You know something is working properly when you don't even notice its function.
In the old saying, when you do something right, people wont know you've done anything at all.
This is one of the underpinning features of the universe and consciousness.
What of the human body and its organs? If they all work properly and fully, you cant feel them busy at work. You cant feel your eyes seeing, you cant feel the rods and cones organising your sight in the retina. You cant feel your kidneys filtering waste from the blood, or the intestinal wall deriving the chemical nutrients from your food. Indeed, when all is in harmony and perfect, attention is absent.
When systems malfunction however, that's when we notice they are there. After a loud music concert, you can hear your ears, the ringing. You damage an organ and you can feel it, you can feel its place in your body, you notice its presence.
The same is true for we humans and consciousness. When all is in harmony, there is no sensation of I. The human forgets its individual self when it is in perfect harmony with the environment.
Like a raindrop of consciousness falling back into the ocean. Or to put it another way, the consciousness can be likened to flood light rather than spot light. This forgetting of the 'self' as an individual and separate being is meditation. It doesn't have to be achieved by any effort, though it can be, via the traditional Buddhist and Hindu ways. Where you sit comfortably and perhaps adopt the lotus position and practice one of hundreds of techniques designed to calm the mind. Ultimately trying to forget yourself.
However it is also happening when you are completely and fully absorbed in a task. You become one with the universe, you are on a sort of auto pilot but you are still thinking rationally, clearly; perhaps the clearest you ever think. Your attention is not divided, it is fully on the task in hand. You are no longer self aware.
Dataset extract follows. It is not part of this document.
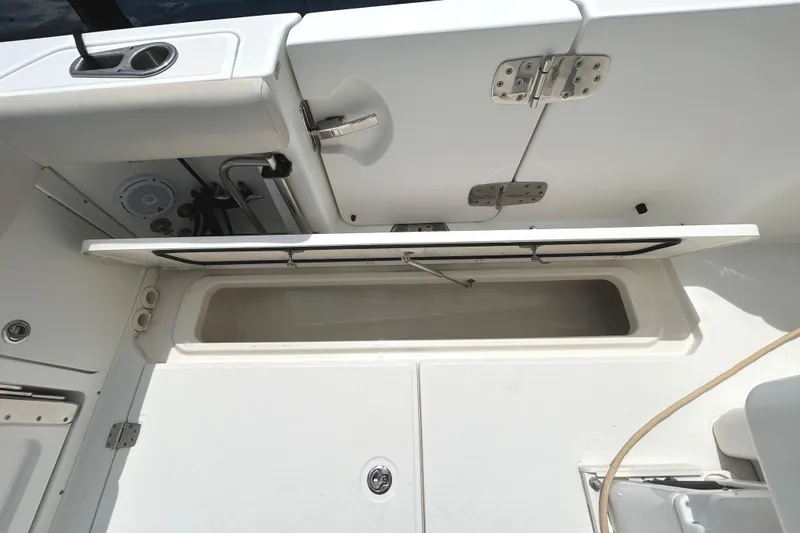Slide: The Image of 2017 Boston Whaler 330 Outrage storage compartment with open hatch and stainless steel hardware. - 28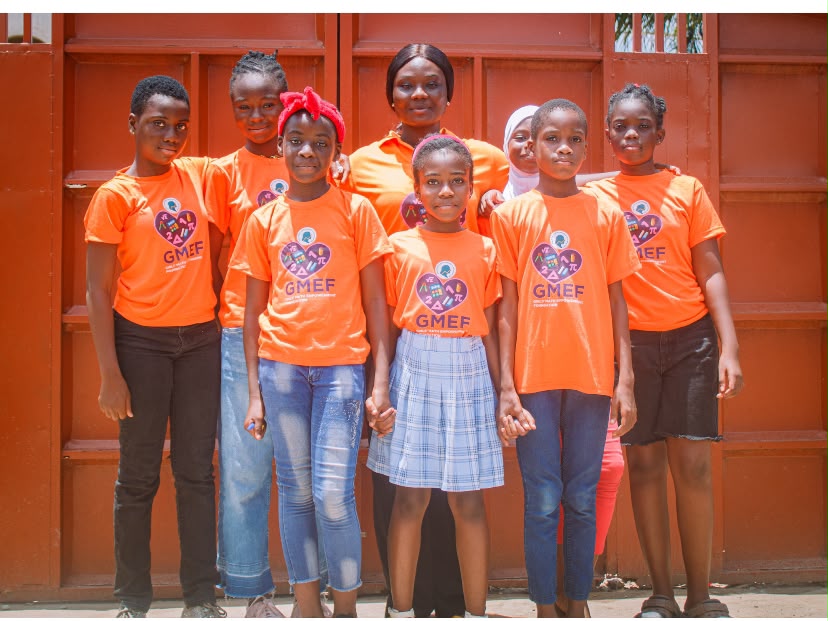 A group of GMEF learners and a facilitator wearing GMEF shirts.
So where has the 'I' gone in situations like these? Is it merely forgotten? If so by whom? Perhaps it was never there in the first place and the universe is playing the Dean Pattinson game through my physical body, and the Joe Bloggs through yours. Perhaps, conciseness is external and received rather than generated internally by our biochemistry. Here we can use the analogy of the relationship between a radio and the songs coming out of the speaker being the same as that of the human body and consciousness.
Is all well and good to daydream about personal identity being a total illusion.
However conscious attention is what has brought us to our current point. Although it was arguably a mistake, (becoming self aware may be likened to forbidden fruit/knowledge in the garden of Eden perhaps) it has helped us learn a lot.
The scientific information we have become conscious of in our evolution was still true when we didn't even have fire. The advantage of being conscious of universal physical phenomena is that we can use it. For what? Well whatever we want really, pointless stuff, utilitarian stuff like being able to travel great distances, or share information with millions of other people.
We are currently in the age of manipulating our environment to suit our taste. If we want to be hotter, we make it hotter. Colder? Ditto. We find a place with too many trees and a few weeks later its flat open land, another week later, there's crop covering the horizon or a factory, or a farm, or a factory farm!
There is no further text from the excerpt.